Here is what you will need to create heaven in your mouth:
Spaghetti alla Carbonara
1 lb. Spaghetti
2 Tbsp. Extra-Virgin Olive Oil
4 oz. Pancetta, cut into small pieces (you can also use bacon, it will be good, just not QUITE as good;)
4 whole large garlic cloves, minced
2 whole large eggs
1 1/2 c. freshly grated Parmigiano-Reggiano Cheese, divided
Freshly Cracked Black Pepper
Fresh Parsley for garnish, optional
In a large pasta pot, add enough water to cook your pasta. Salt your water generously. Once water comes to a boil, add spaghetti and stir so that the pasta separates. Cook for 8-10 minutes or until al dente.

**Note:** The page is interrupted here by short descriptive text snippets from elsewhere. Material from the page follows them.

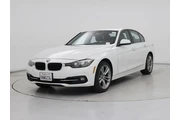 $16998 : BMW 3 Series 2017 330i 4dr S thumbnail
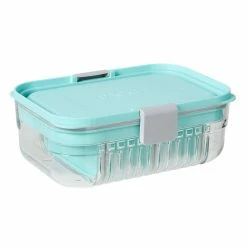 Pack It Mod Lunch Bento Mint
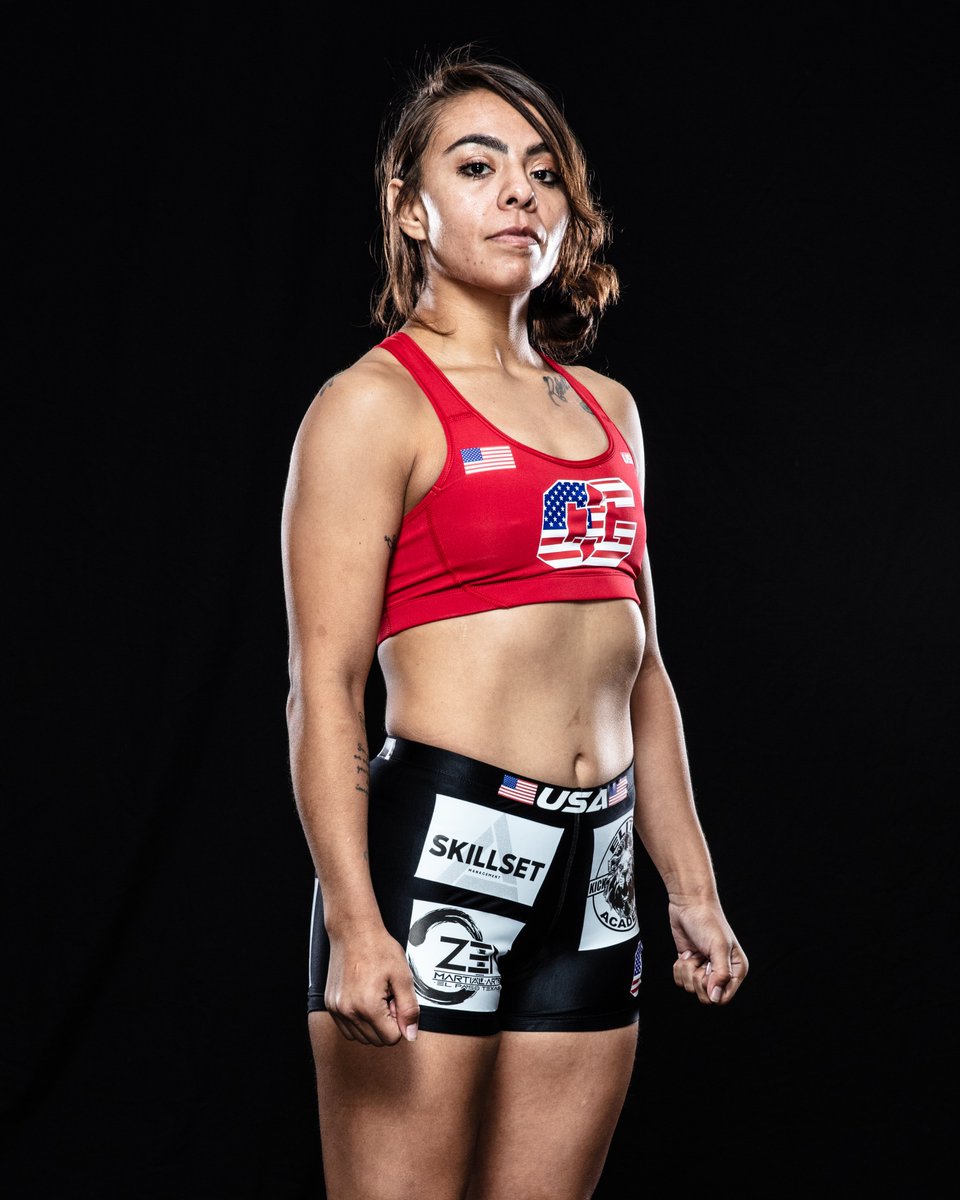 Combate Global tweet media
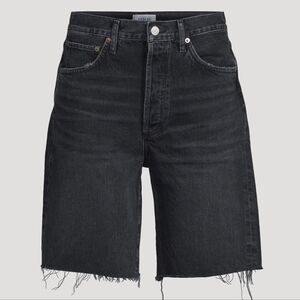 AGOLDE 90s Denim Shorts
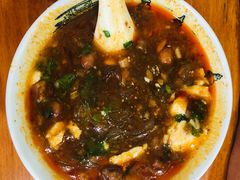 -豆相识•九九豆腐脑(牛咡桥店)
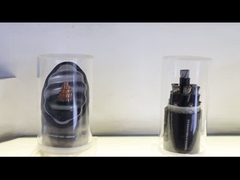 Yüksek Voltajlı Güç Kabloları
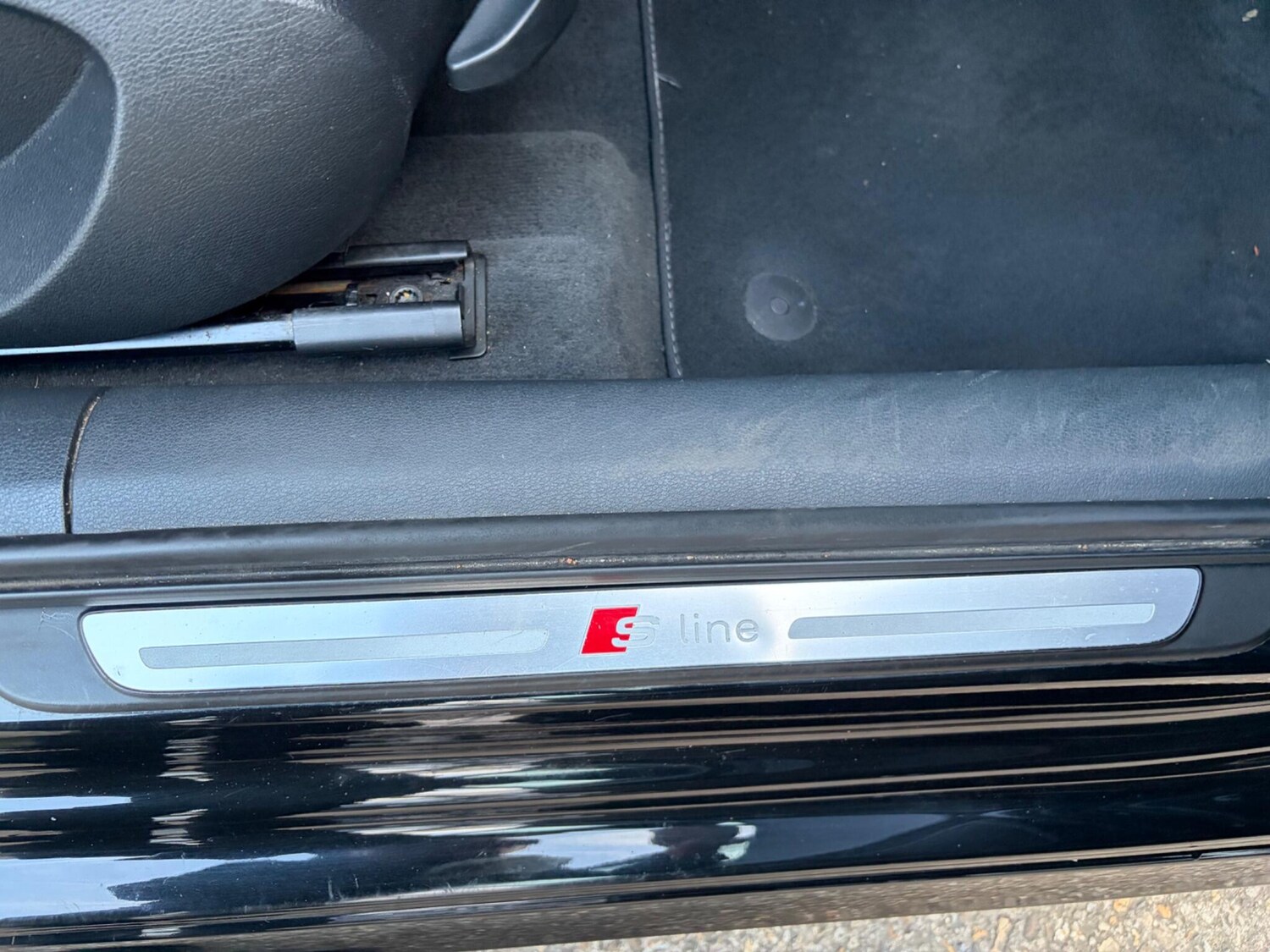 Used Audi A3 2015 for sale - 78019653: Photo 41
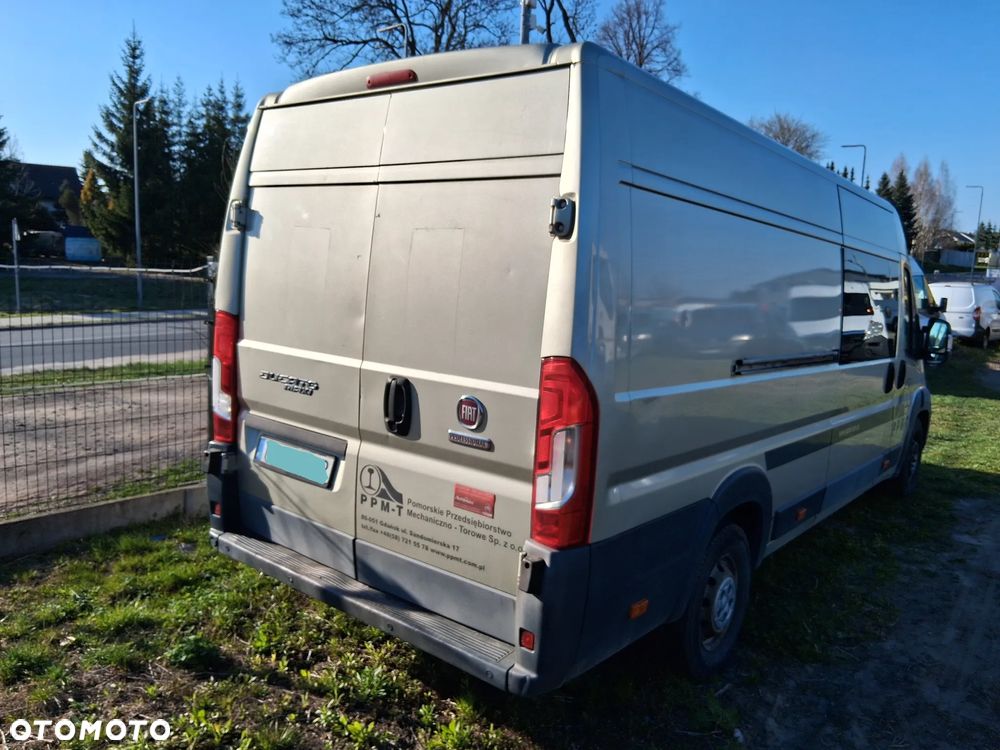 Fiat Ducato - 10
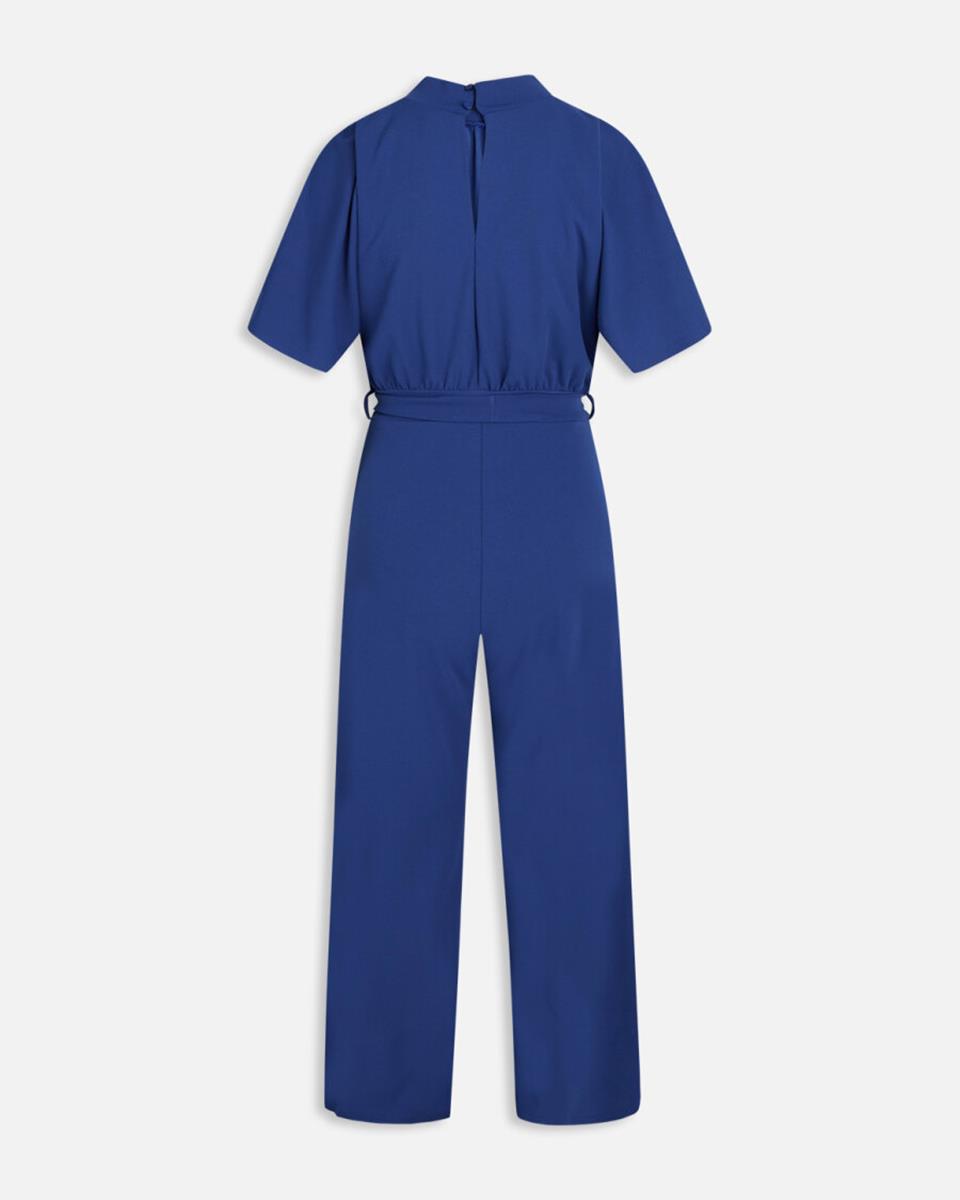 Sisters Point Sisters Point Jumpsuit GIRL-JU Blauw 6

WHILE the spaghetti is cooking, in a large pan over medium heat, add olive oil and cook pancetta until fairly crisp (3-4 minutes). Add garlic and cook for another minute (you don't want your garlic to burn). While these are cooking, crack your eggs into a small bowl and add 1 c. of your cheese. Stir together and set aside.
Take a ladle of the spaghetti water and set aside. Drain your pasta well and add to bacon mixture. It is IMPORTANT that your pasta is hot when adding it to the mixture. Toss well (I find that tongs work well for this). Take off of heat. Add in your cheese and egg mixture and toss well. If you find the mixture is too thick, you can thin it out with a little pasta water (remember you can always add more but you can't take away so add sparingly). Season well with pepper.
Garnish with the remainder of the cheese and fresh parsley if you like. This dish is best eaten immediately.